Has anyone found a version that works without problem ? The versions i have used all have forse close issues. 
I also wonder if there is a way to have full greek support it seems to not have certain greek letters but that is from the android built.


----------



## Alex (Nov 4, 2011)

Latest version works flawlessly on Alpha 2.5... then again,2.5 works better for me than CM Alpha 3...


----------



## spinik (Oct 28, 2011)

Fixed fonts by installing deja vu on droidsansfallback 
Fc still a problem on a3.5


----------



## cloutierhaker (Sep 29, 2011)

I found that by resetting my Android to factory settings with clockwork mod fixed the problem and many others.


----------



## chadastrophic (Nov 5, 2011)

Currents works fine with CM ICS Alpha.

Sent from my cm_tenderloin using Tapatalk


----------



## pwlorraine (Oct 19, 2011)

I had lots of problems with CM7 but Currents is working fine with CM9 - no more fc.

Peter


----------



## daonei (Oct 15, 2011)

Can someone tell me what's so great about Google Currents?

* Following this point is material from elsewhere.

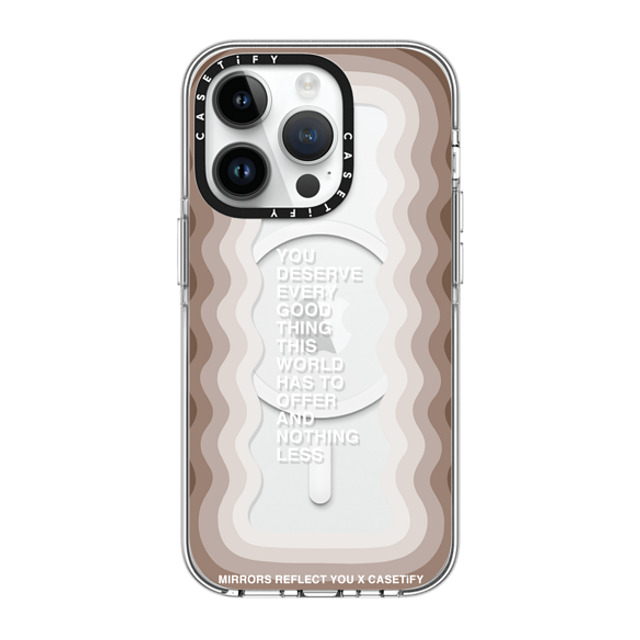 Mirrors Reflect You x CASETiFY iPhone 14 Pro ケース クリア クリア ケース MagSafe対応 Every Good Thing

It takes so long to load that it is virtually useless to me... I love Flipboard on iOS and wish they'd make a similar app for Android...Any comments or suggestions to improve the speed with which it buffers and loads?


----------



## traximpact (Jan 18, 2012)

I just love Currents, the pictures look pixelated on the touchpad ICSalpha0.5 though.


----------



## vmax711 (Nov 1, 2011)

am not able to locate it on my market...any suggestions please?


----------



## spinik (Oct 28, 2011)

All problems fixed on Ics. The application is not available outside the us market so just side load it . Search on Google for the apk


----------